1) if the reproduction reaction is defined as 'B -> B' the flux is ignored without any warning:
The model code reads (using getequations function):
ODEs:
d(B)/dt = 1/cell*(-ReactionFlux1 + ReactionFlux2)
Fluxes:
ReactionFlux1 = (d_B*B)*cell
ReactionFlux2 = (b_B)*cell
Parameter Values:
d_B = 0.0076 1/day
r = 0.0176 1/day
b_B = 2370 molecule/microliter/day
cell = 1 microliter
Initial Conditions:
B = 61.7 molecule/microliter
2) if the reproduction reaction is defined as 'B -> 2 B' the model is fine:
The model code reads:
ODEs:
d(B)/dt = 1/cell*(ReactionFlux1 - ReactionFlux2 + ReactionFlux3)
Fluxes:
ReactionFlux1 = (r*B)*cell
ReactionFlux2 = (d_B*B)*cell
ReactionFlux3 = (b_B)*cell
Parameter Values:
d_B = 0.0076 1/day
r = 0.0176 1/day
b_B = 2370 molecule/microliter/day
cell = 1 microliter
Initial Conditions:
B = 61.7 molecule/microliter
This is a part from a published model I was interested in (Nanda et al. 2013, 'B cell chronic lymphocytic leukemia...', http://aimsciences.org/article/doi/10.3934/dcdsb.2013.18.1053).
Appologies if this is all trivial but I thought it's worth mentioning. If I haven't looked at the getequations-output I wouldn't have spotted the error in model encoding.
Best, Maciej
Arthur Goldsipe
Arthur Goldsipe on 7 Jan 2018
Thanks, Maciej. This definitely helps me better understand your question and frustration. Just to be sure, let me confirm:
  1. You want each reaction in the model to appear in the equations, even if its contribution is 0. That seems reasonable.

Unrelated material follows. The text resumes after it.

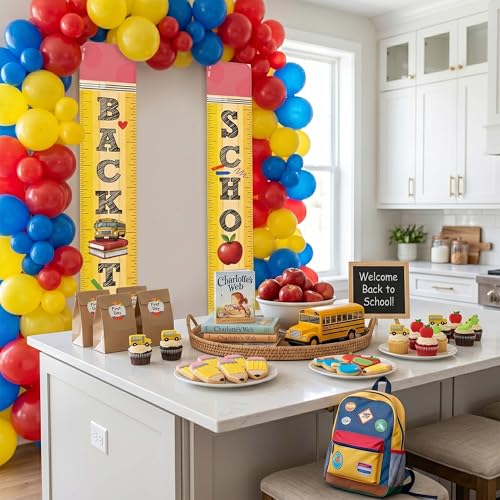 Pencil Shaped Back to School Porch Banners - 2 Pack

  2. I'm less sure of this, but I think you'd also like to receive a warning when you verify or simulate a model containing such a reaction.
emjey
emjey on 8 Jan 2018
I am not sure (1) is the desired option. If you leave the reaction in the diagram, even though SimBio knows it has 0 contribution, than there is no benefit for the modeller - unless a warning is issued.
From my perspective it would be both sufficient and neccessary to inform the user that
  • There is an reaction in the diagram which has been ignored when compiling the model because it has 0 contribution (+ perhaps more information why this reaction has no contribution, e.g. 'incompatible reaction and flyx rate' in above example).